◆ EXERCISE DESCRIPTION:
Each line in the data must be reproduced as written, except for any picture.

Caption-style text data:
++++++

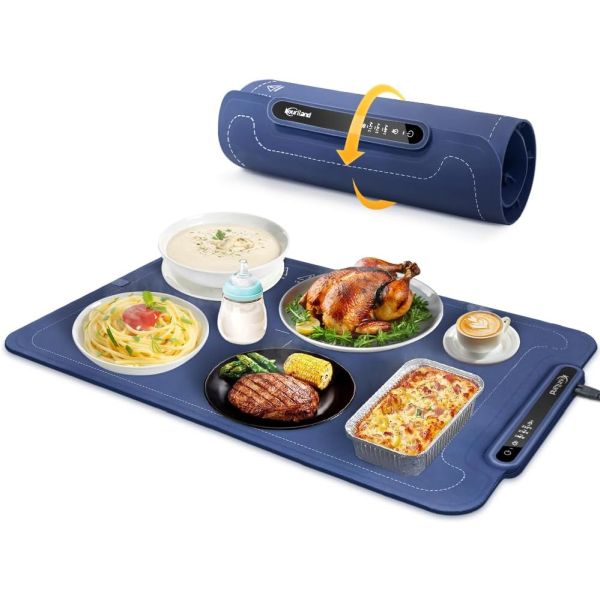 Foldable Silicone Food Warming Mat - 3 Temp Levels Food Warmer with Child Safety Lock, Auto-Shutoff, Full Surface Heating Silicone Heating Tray for Gatherings, Parties and More - SHIPS FREE!
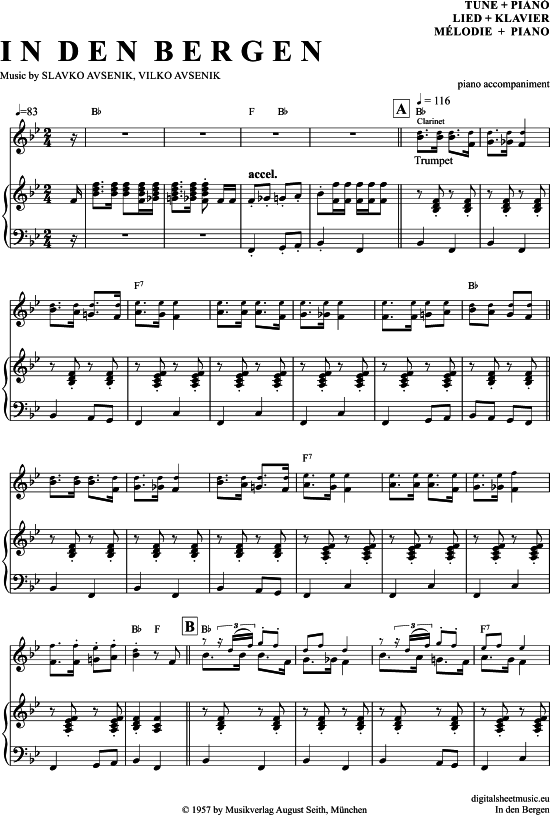 In Den Bergen (Klavier Begleitung + Gesang) (Klavier Gesang  Gitarre) von Slavko Avsenik und seine Original Oberkrainer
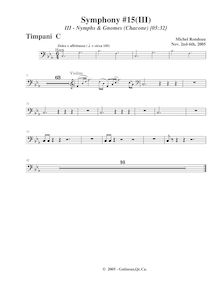 Partition timbales, Symphony No.15  Black Halloween , F minor, Rondeau, Michel par Michel Rondeau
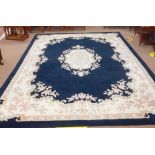 Almost New Chinese Wool Rug with Navy & Cream Border,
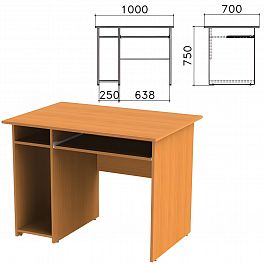 Стол компьютерный "Фея", 1000х700х750 мм, с тумбой, цвет орех милан, СФ05.5 - Фото предпросмотра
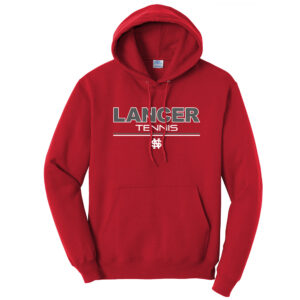 NS Girls Tennis Unisex Fleece Hooded Sweatshirt-Red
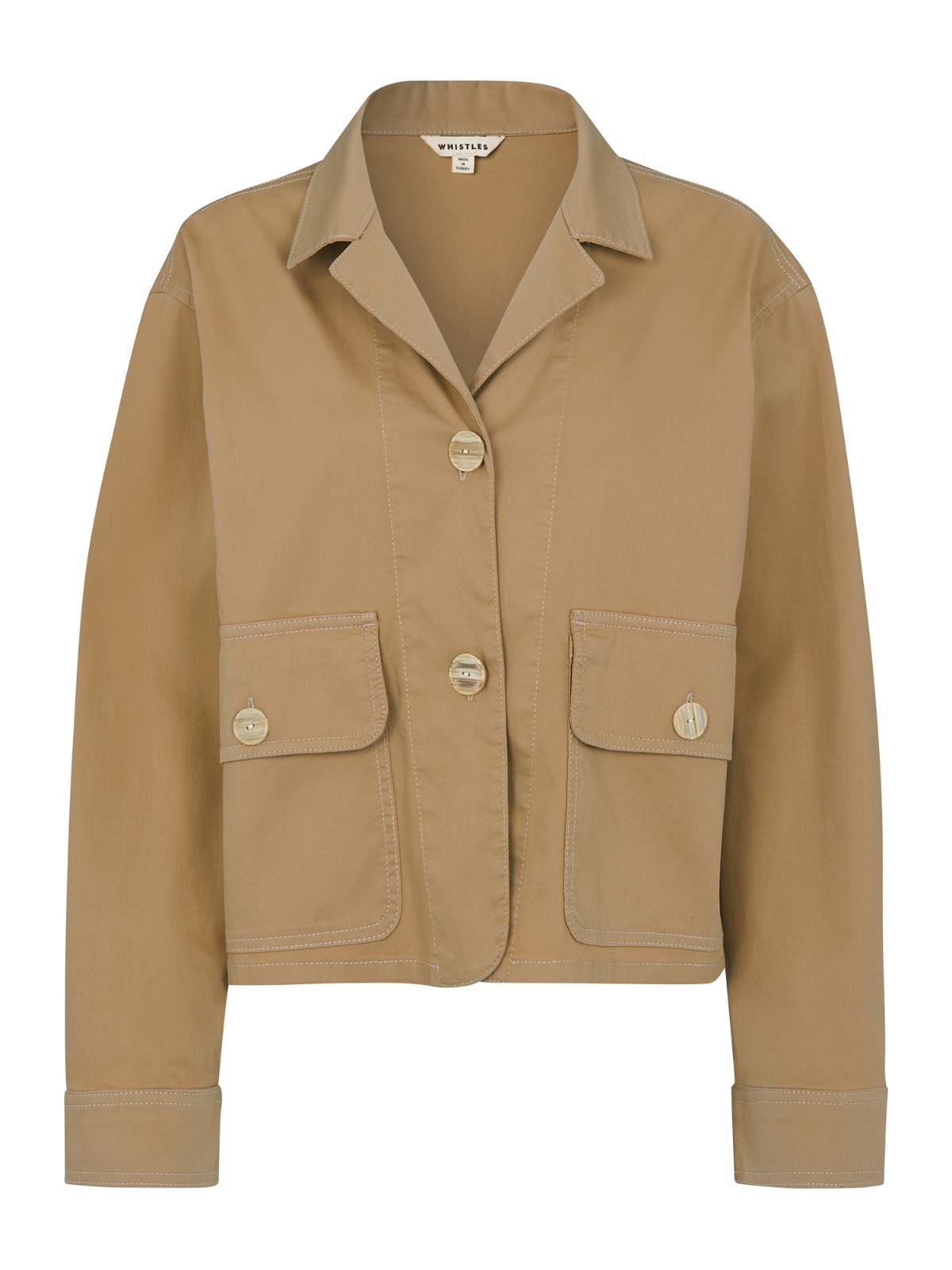 WHISTLES Ladies Neutral Beige Utility Cropped Collared Jacket L RRP119 BNWT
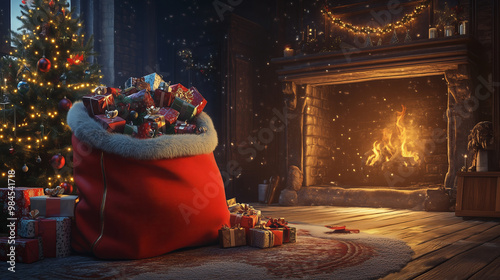 Santa's sack overflowing with gifts by a warm fireplace.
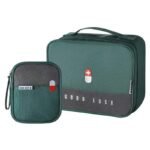 Westret 2pcs Portable Healthcare Medical Pouch Set, First Aid Organizer Bag, Waterproof Medicine Storage Case with Handle for Travel Home Office Outdoor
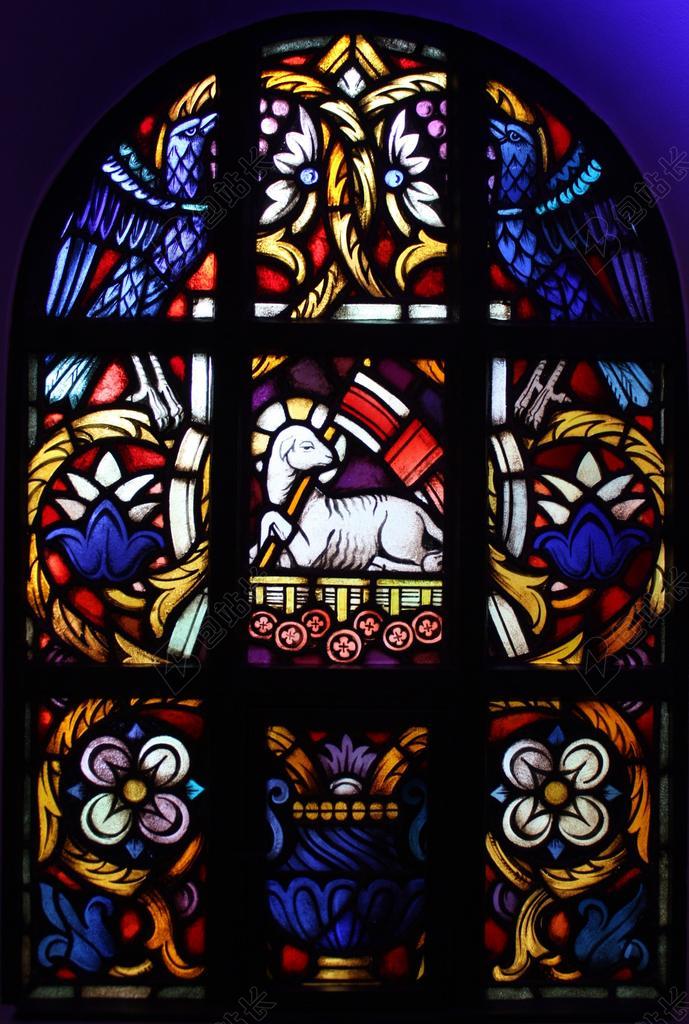 羔羊 教会窗口 基督 彩色玻璃窗 教会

++++++

◆ RESULT FOR THIS EXERCISE:
 Foldable Silicone Food Warming Mat - 3 Temp Levels Food Warmer with Child Safety Lock, Auto-Shutoff, Full Surface Heating Silicone Heating Tray for Gatherings, Parties and More - SHIPS FREE!
 In Den Bergen (Klavier Begleitung + Gesang) (Klavier Gesang  Gitarre) von Slavko Avsenik und seine Original Oberkrainer
 Partition timbales, Symphony No.15  Black Halloween , F minor, Rondeau, Michel par Michel Rondeau
 Almost New Chinese Wool Rug with Navy & Cream Border,
 Стол компьютерный "Фея", 1000х700х750 мм, с тумбой, цвет орех милан, СФ05.5 - Фото предпросмотра
 NS Girls Tennis Unisex Fleece Hooded Sweatshirt-Red
 WHISTLES Ladies Neutral Beige Utility Cropped Collared Jacket L RRP119 BNWT
 Santa's sack overflowing with gifts by a warm fireplace.
 Westret 2pcs Portable Healthcare Medical Pouch Set, First Aid Organizer Bag, Waterproof Medicine Storage Case with Handle for Travel Home Office Outdoor
 羔羊 教会窗口 基督 彩色玻璃窗 教会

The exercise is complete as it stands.